9 Mistakes Leaders Make With Performance Management

performance management

One of the most important responsibilities of any business leader is performance management.  In other words to manage and develop the performance of their people.

Performance management is the means by which the work individuals do every day contributes to the larger goals and core values of the organisation.

Managing performance is vital to the health and success of an organisation.  So it has become a key priority for the HR function.  Unfortunately, that means it is often seen as “just another HR process” rather than a day to day responsibility.

So with that in mind are you or your leaders making any of these mistakes when it comes to performance management?

1.  They see discussions about performance as a one-time annual event, rather than an ongoing process based on regular dialogue and feedback between them and their employees.

If performance discussions are infrequent, the feedback is often not timely enough, specific enough or relevant enough to be helpful and effective.  Managing performance should be a daily responsibility that is part of managers routine business practices.

2.  They don’t see that managing performance is a way they can ensure that the work their employees do every day contributes to the larger goals and vision of the team, department and organisation.

By agreeing what needs to be done and how it should be done managers create a culture of daily activity behavior that is focused on what the organisation is trying to achieve.

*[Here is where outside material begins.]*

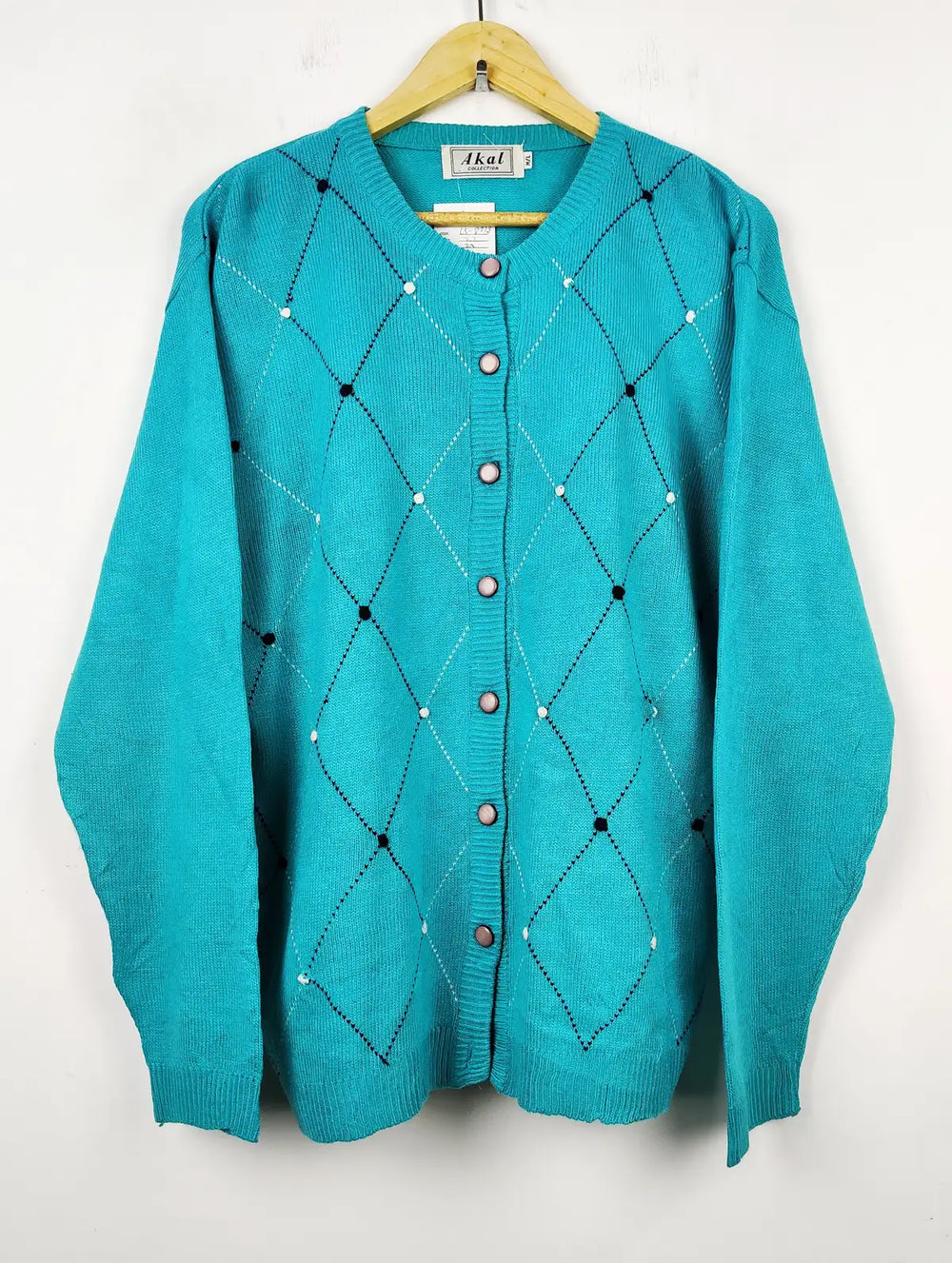 Buy online pre-used pre-loved 100% authentic & Original branded Akal Collection (LS-8775) available in Pakistan. Top international brands avilable.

3.  They don’t have a clear understanding and agreement with their employees about what “good” or “excellent” performance looks like.

If manager’s employees aren’t performing as well as they’d like, the first thing to check is whether they have different perceptions on what good performance looks like.

4.  They haven’t thought through the consequences of underperformance to the team, the organisation and the customers and therefore they are not managing performance and taking steps to address it. 

Underperformance doesn’t just affect the individual employee and the manager.  It has a wider impact on the rest of the team and the people they are trying to serve.

5.  They are not aware of the ways in which their own behaviour may unconsciously reinforce poor performance and punish good performance. 

While it sounds counter-intuitive leaders are often managing performance in a way that achieves the opposite of the result they want.  In other words, they unwittingly reinforce poor performance.  For example, it’s too hard to try and encourage an employee to take on a new responsibility so they give it to someone more receptive.  Such behaviour reinforces that behaviour by saying it’s ok not to take on new responsibilities.  Equally, the other team member gets “punished” for being open and receptive by getting even more work to do.  They may think twice about being so open and receptive in future.

6.  They are uncomfortable and lack confidence in holding conversations about performance with their employees, especially difficult conversations with underperformers, not wanting to be seen as “nasty”.

Difficult conversations don’t get any easier by not having them.  In fact, they get more difficult.  Leaders need courage and to get whatever training and support they need.

7.  They adopt a problem-focussed, deficit-based approach to managing performance which leaves employees feeling demotivated and downhearted. 

A more effective approach is to focus on what’s wanted i.e. what success looks like and on what’s going well.  Such an approach leads to a positive and pragmatic way that engages employees and keeps performance discussions simple but productive.

8.  They either beat about the bush in giving feedback about areas for performance improvement so the employee doesn’t realize there is an issue or give the feedback so directly that the employee feels bullied and harassed.

Managers need to prepare well, get training in how to give feedback and practice delivering the messages in a way that has the desired impact.

9.  They provide no praise or positive reinforcement for desired results, behaviours or progress mistakenly believing that employees should not be rewarded for what is expected of them.

Employees don’t stop performing well because you praise them for doing a good job.  Quite the opposite.  So if managers want improvements in performance, they need to make sure employees get something positive out of it.  A genuine, sincere, heartfelt compliment can achieve wonders.

How good are your leaders at managing performance and developing their employees?  Do any of these ring true?  What steps can you take to improve effectiveness?